> **What is needed**
Word for word, restate the lines of the data below between those holding "AZO Digital IPS-400" and "Read Martial Peak", inclusive; pictures do not belong in the copy.

> **Input**
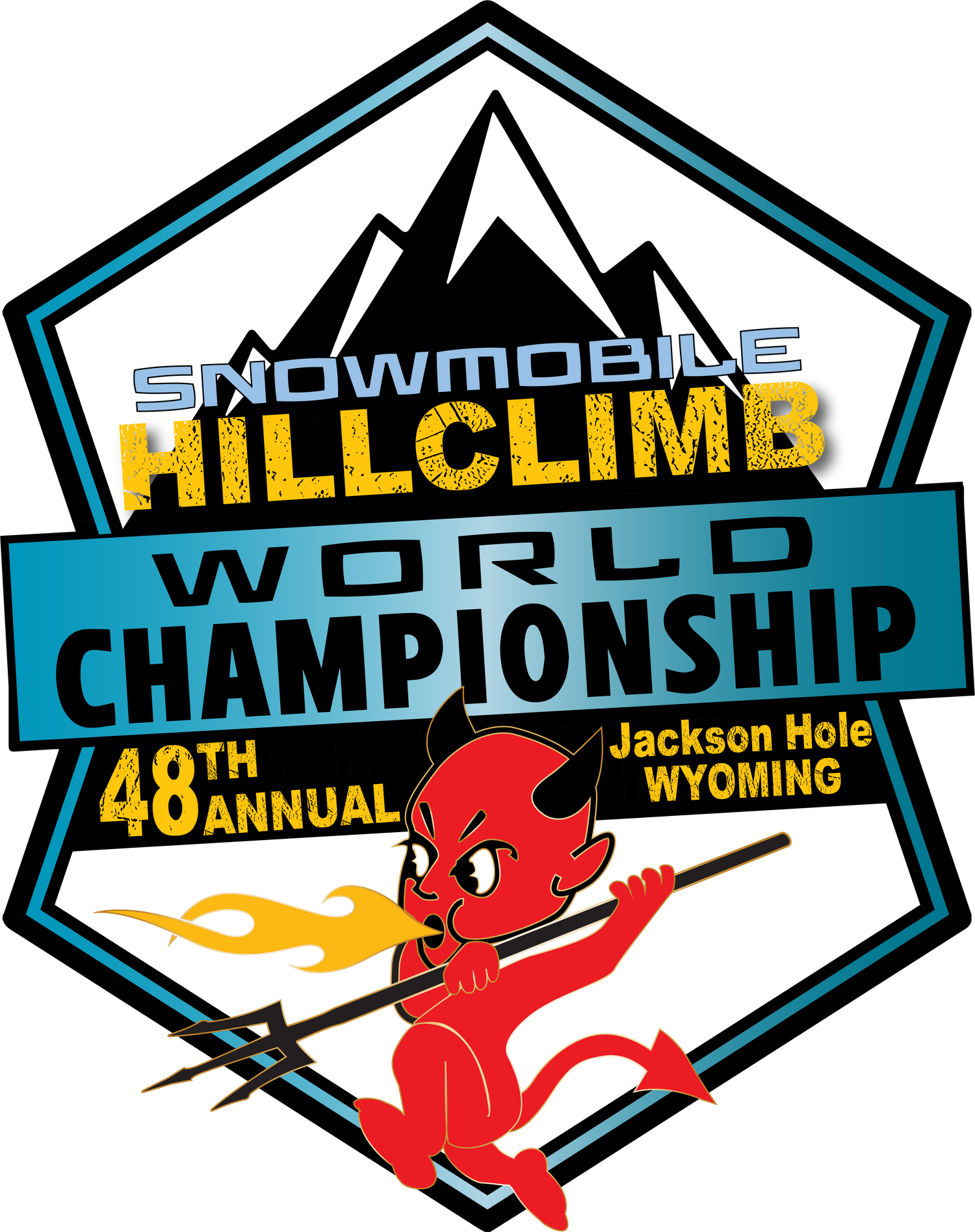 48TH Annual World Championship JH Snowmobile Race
==
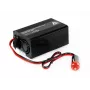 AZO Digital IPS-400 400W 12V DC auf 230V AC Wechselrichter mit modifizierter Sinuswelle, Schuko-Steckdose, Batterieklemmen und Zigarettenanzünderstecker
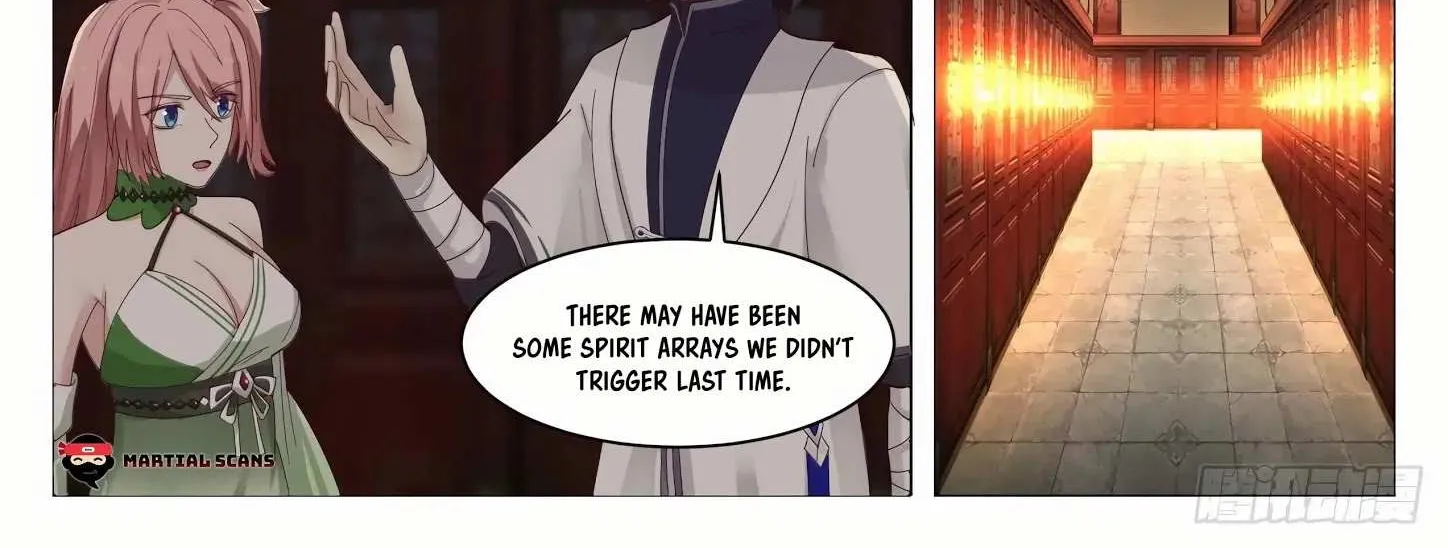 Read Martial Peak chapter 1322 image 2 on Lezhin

> **Answer**
 AZO Digital IPS-400 400W 12V DC auf 230V AC Wechselrichter mit modifizierter Sinuswelle, Schuko-Steckdose, Batterieklemmen und Zigarettenanzünderstecker
 Read Martial Peak chapter 1322 image 2 on Lezhin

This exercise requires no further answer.